James Edward Gray II

unread,
Sep 16, 2007, 1:34:49 PM9/16/07
to
This is the code I used to generate the quiz example. To give credit
where credit is due though, it was heavily inspired from some code
Allan Odgaard shared with me:

#!/usr/bin/env ruby -wKU

require "open-uri"
require "zlib"

begin
require "rubygems"
rescue LoadError
# load without gems
end

begin
require "faster_csv"
FCSV.build_csv_interface
rescue LoadError
require "csv"
end


class IP
def initialize(address)
@address_chunks = address.split(".").map { |n| Integer(n) }
raise AgumentError, "Malformed IP" unless @address_chunks.size == 4
end

def to_i
@address_chunks.inject { |result, chunk| result * 256 + chunk }
end

STRING_SIZE = new("255.255.255.255").to_i.to_s.size

def to_s
"%#{STRING_SIZE}s" % to_i
end
end

class IPToCountryDB
REMOTE = "http://software77.net/cgi-bin/ip-country/geo-ip.pl?
action=download"
LOCAL = "ip_to_country.txt"

RECORD_SIZE = IP::STRING_SIZE * 2 + 5

def self.build(path = LOCAL)
open(path, "w") do |db|
open(REMOTE) do |url|
csv = Zlib::GzipReader.new(url)

last_range = Array.new
csv.each do |line|
next if line =~ /\A\s*(?:#|\z)/
from, to, country = CSV.parse_line(line).values_at(0..1, 4).
map { |f| Integer(f) rescue f }
if last_range[2] == country and last_range[1] + 1 == from
last_range[1] = to
else
build_line(db, last_range)
last_range = [from, to, country]
end
end
build_line(db, last_range)
end
end
end

def self.build_line(db, fields)
return if fields.empty?
db.printf("%#{IP::STRING_SIZE}s\t%#{IP::STRING_SIZE}s\t%s\n",
*fields)
end
private_class_method :build_line

def initialize(path = LOCAL)
begin
@db = open(path)
rescue Errno::ENOENT
self.class.build(path)
retry
end
end

def search(address)
binary_search(IP.new(address).to_i)
end

private

def binary_search(ip, min = 0, max = @db.stat.size / RECORD_SIZE)
return "Unknown" if min == max

middle = (min + max) / 2
@db.seek(RECORD_SIZE * middle, IO::SEEK_SET)

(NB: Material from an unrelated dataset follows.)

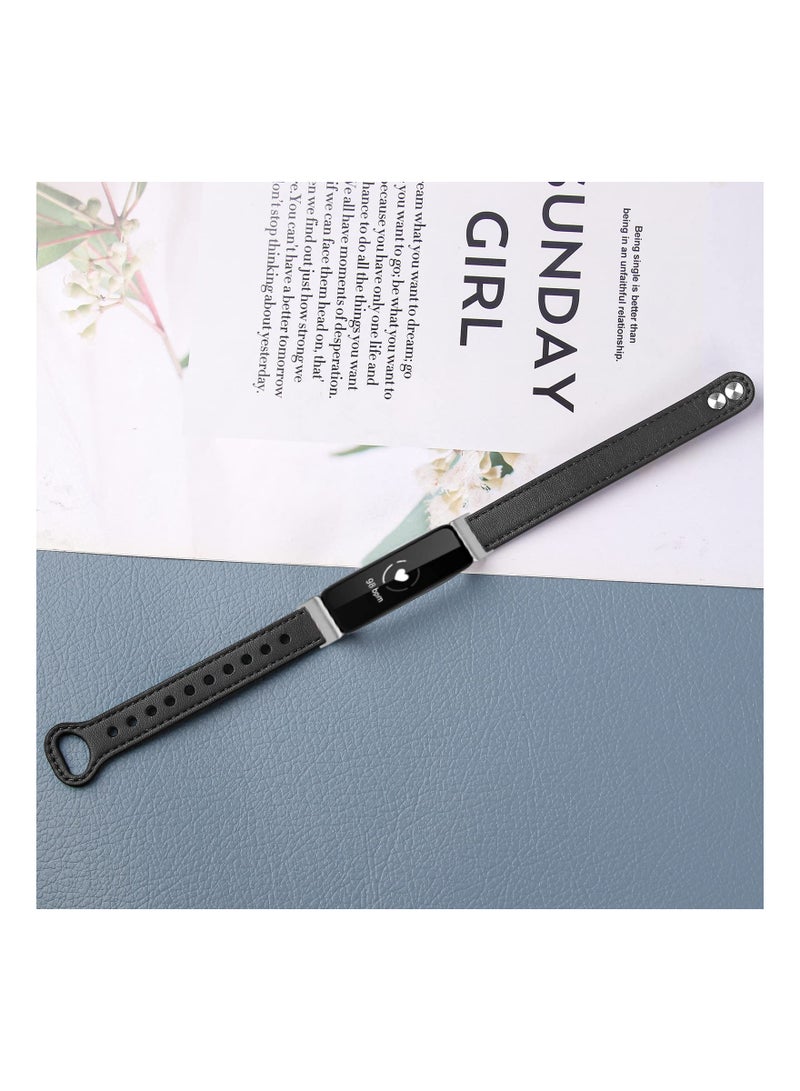 SYOSI Smart Band Leather Strap, Compatible with Fitbit Inspire 2 Strap, Genuine Leather Sport Wristband Replacement Strap bands Bracelet - Image 3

if @db.read(RECORD_SIZE) =~ /\A *(\d+)\t *(\d+)\t([A-Z]{2})\n\z/
if ip < $1.to_i then binary_search(ip, min, middle)
elsif ip > $2.to_i then binary_search(ip, middle + 1, max)
else $3
end
else
raise "Malformed database at offset #{RECORD_SIZE * middle}"
end
end
end

if __FILE__ == $PROGRAM_NAME
require "optparse"

options = {:db => IPToCountryDB::LOCAL, :rebuild => false}

ARGV.options do |opts|
opts.banner = "Usage:\n" +
" #{File.basename($PROGRAM_NAME)} [-d PATH] IP\n" +
" #{File.basename($PROGRAM_NAME)} [-d PATH] -r"

opts.separator ""
opts.separator "Specific Options:"

opts.on("-d", "--db PATH", String, "The path to database file")
do |path|
options[:db] = path
end
opts.on("-r", "--rebuild", "Rebuild the database") do
options[:rebuild] = true
end

opts.separator "Common Options:"

opts.on("-h", "--help", "Show this message.") do
puts opts
exit
end

begin
opts.parse!
raise "No IP address given" unless options[:rebuild] or
ARGV.size == 1
rescue
puts opts
exit
end
end

if options[:rebuild]
IPToCountryDB.build(options[:db])
else
puts IPToCountryDB.new(options[:db]).search(ARGV.shift)
end
end

__END__

James Edward Gray II

Eugene Kalenkovich

unread,
Sep 16, 2007, 2:01:46 PM9/16/07
to
My solution suffers from over-generality (is supposed to work for any sorted
string file by any sorting criteria), and from over-limiting memory usage -
I like Simon's approach, reading in chunks makes everything easier and
faster.

BTW, all solutions already submitted will lie for subnets 1,2 and 5 :)
Most (but not all) will break on out of bounds submissions (256.256.256.256
or 0.0.0.-1, latter if comments are stripped out)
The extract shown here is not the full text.